WHAT IS BEING ASKED:
From the material below, retype exactly the lines that begin at the line with "Miniatura 2 de" and end after the line with "Brett Hull Autographed"; pictures stay out of the copy.
Start of TASK INPUTS
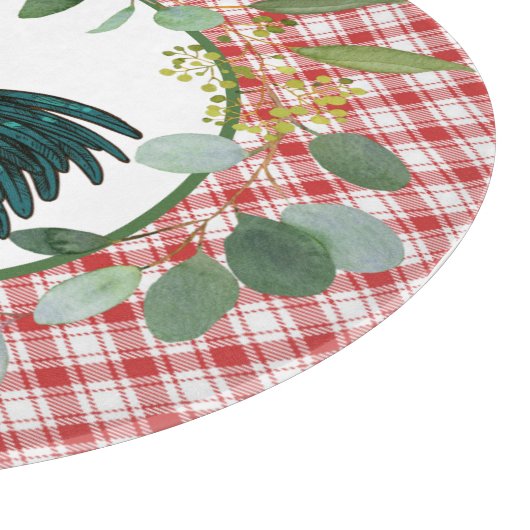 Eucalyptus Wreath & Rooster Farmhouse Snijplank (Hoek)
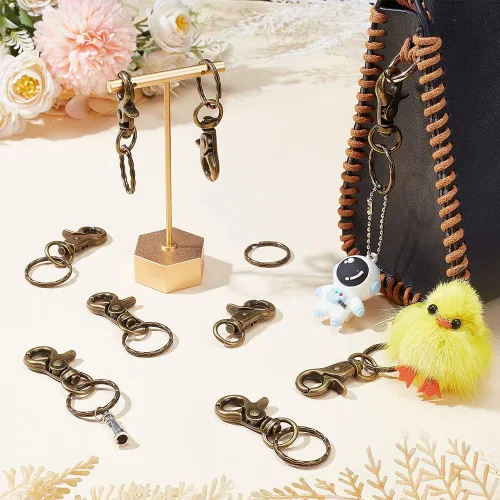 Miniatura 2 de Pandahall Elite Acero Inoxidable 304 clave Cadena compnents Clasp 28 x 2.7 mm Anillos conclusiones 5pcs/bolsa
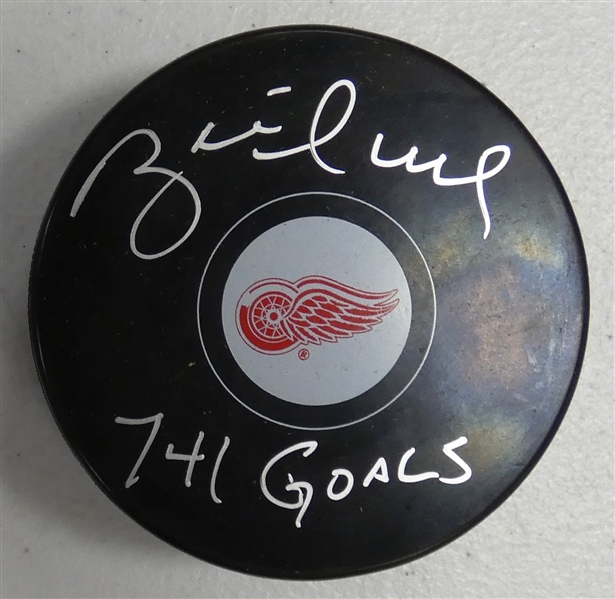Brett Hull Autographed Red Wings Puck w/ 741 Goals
End of TASK INPUTS
Start of TASK INPUTS
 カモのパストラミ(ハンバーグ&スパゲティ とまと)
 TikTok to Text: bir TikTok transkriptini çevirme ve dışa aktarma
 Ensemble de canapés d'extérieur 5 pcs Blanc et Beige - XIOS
End of TASK INPUTS
Start of TASK INPUTS
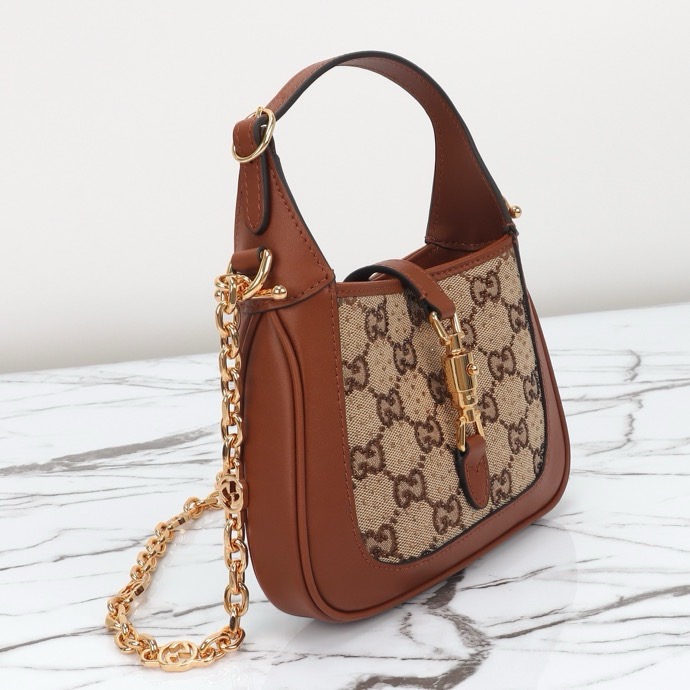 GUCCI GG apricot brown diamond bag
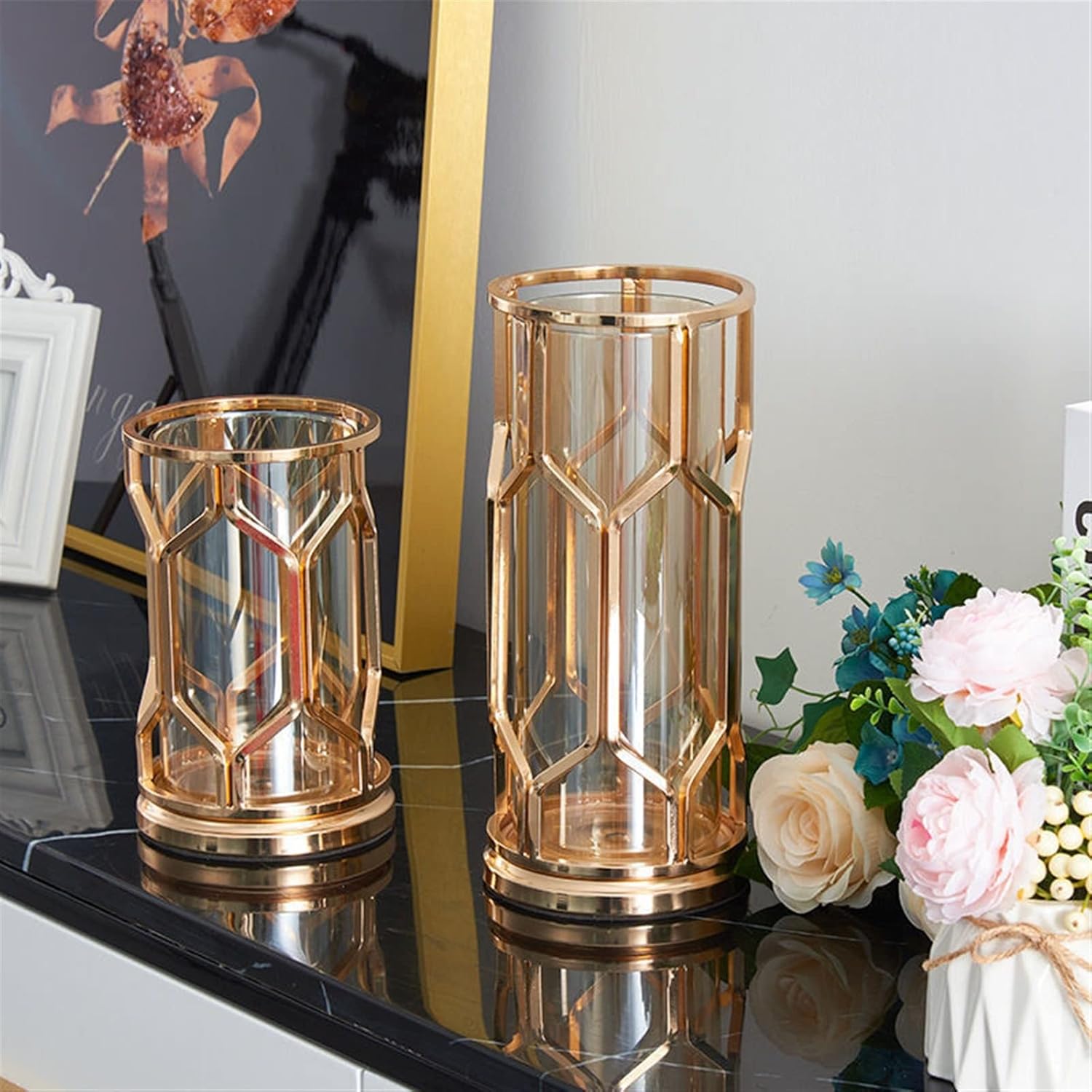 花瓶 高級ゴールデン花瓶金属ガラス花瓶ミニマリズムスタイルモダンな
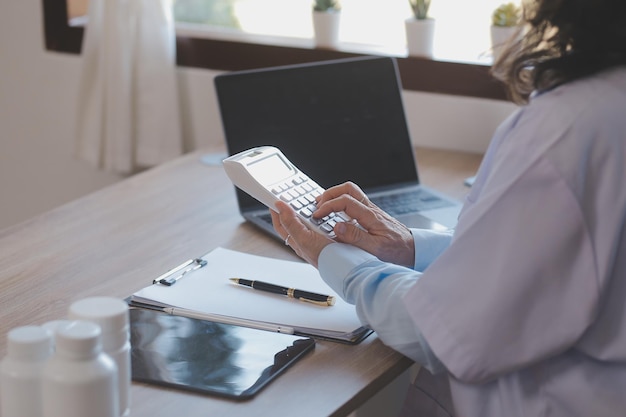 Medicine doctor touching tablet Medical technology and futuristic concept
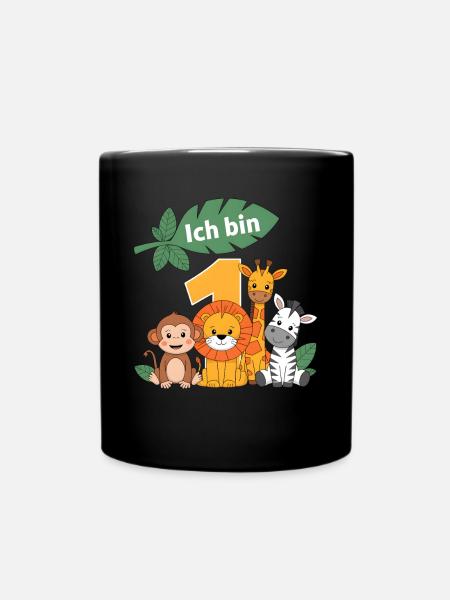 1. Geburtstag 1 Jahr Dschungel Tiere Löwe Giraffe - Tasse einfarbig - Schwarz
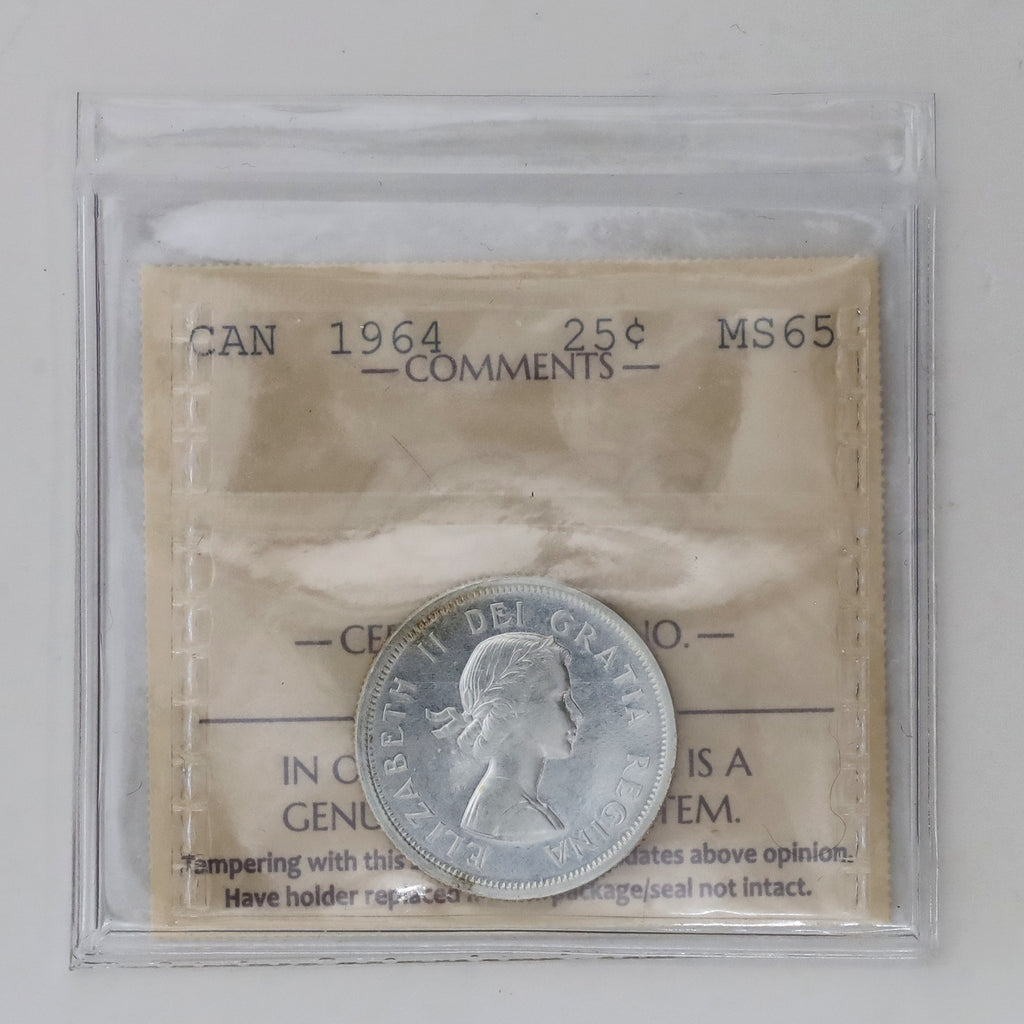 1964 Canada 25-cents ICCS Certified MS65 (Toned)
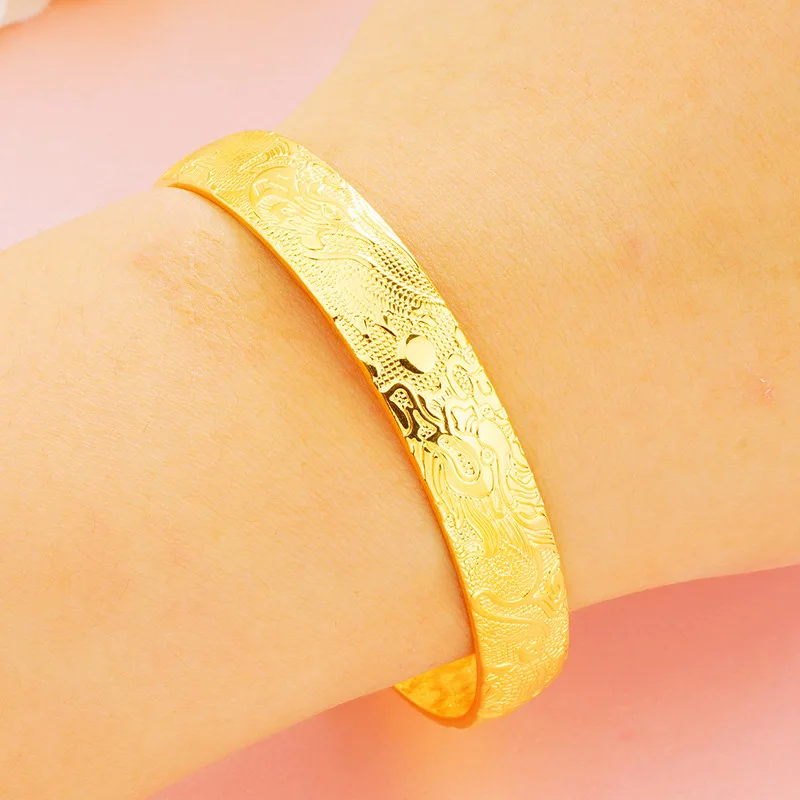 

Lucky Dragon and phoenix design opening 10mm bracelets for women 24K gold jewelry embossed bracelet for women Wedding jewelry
End of TASK INPUTS
EXERCISE RESPONSE:
 Miniatura 2 de Pandahall Elite Acero Inoxidable 304 clave Cadena compnents Clasp 28 x 2.7 mm Anillos conclusiones 5pcs/bolsa
Brett Hull Autographed Red Wings Puck w/ 741 Goals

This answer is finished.